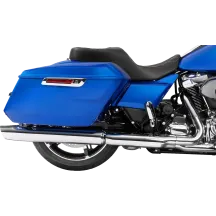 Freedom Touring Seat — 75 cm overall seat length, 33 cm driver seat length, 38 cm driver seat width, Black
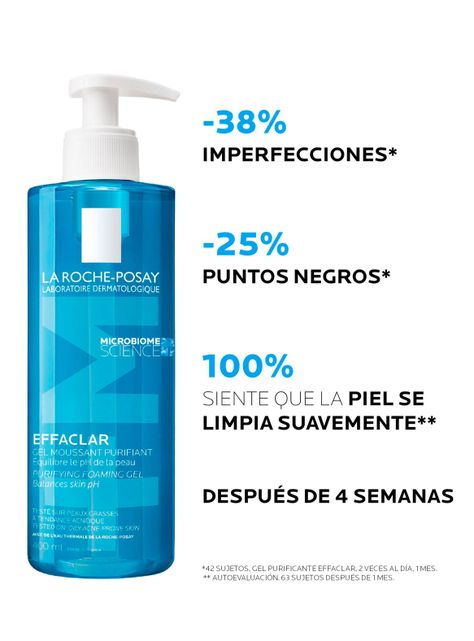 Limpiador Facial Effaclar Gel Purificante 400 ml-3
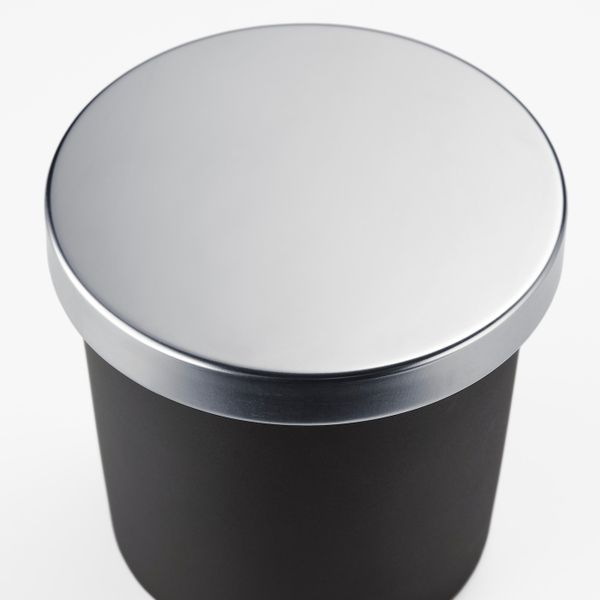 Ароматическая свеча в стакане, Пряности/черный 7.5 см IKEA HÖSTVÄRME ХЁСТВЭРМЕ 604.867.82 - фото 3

...

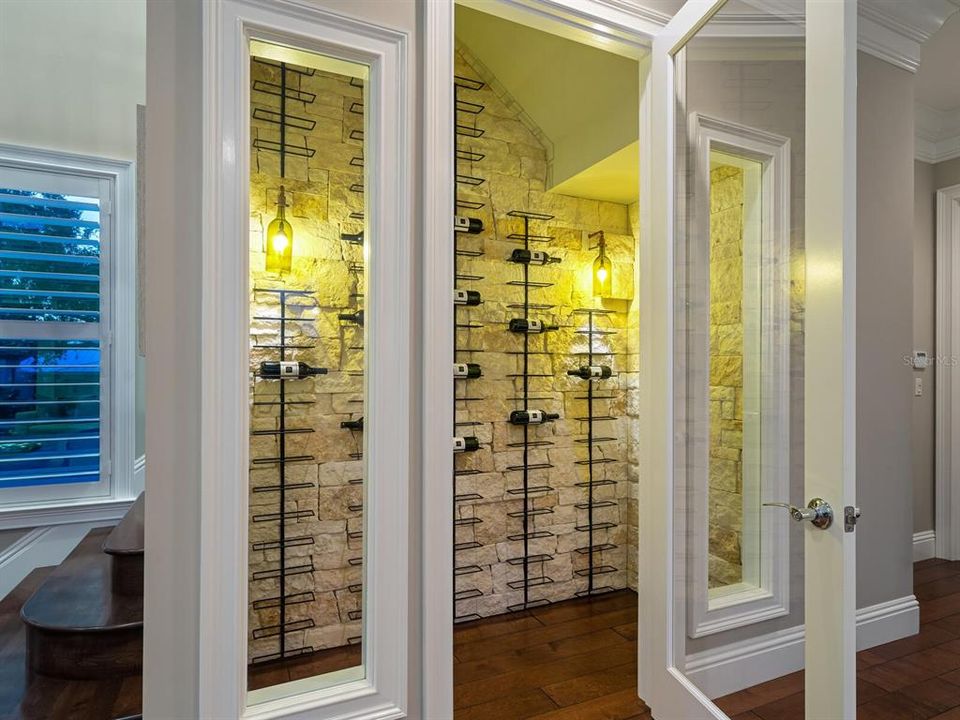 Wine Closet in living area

REQUIRED WORK:
Without the pictures, give again exactly the lines above starting at the line containing "Freedom Touring Seat" and ending at the line containing "Ароматическая свеча в".

ANSWER AREA:
 Freedom Touring Seat — 75 cm overall seat length, 33 cm driver seat length, 38 cm driver seat width, Black
 Limpiador Facial Effaclar Gel Purificante 400 ml-3
 Ароматическая свеча в стакане, Пряности/черный 7.5 см IKEA HÖSTVÄRME ХЁСТВЭРМЕ 604.867.82 - фото 3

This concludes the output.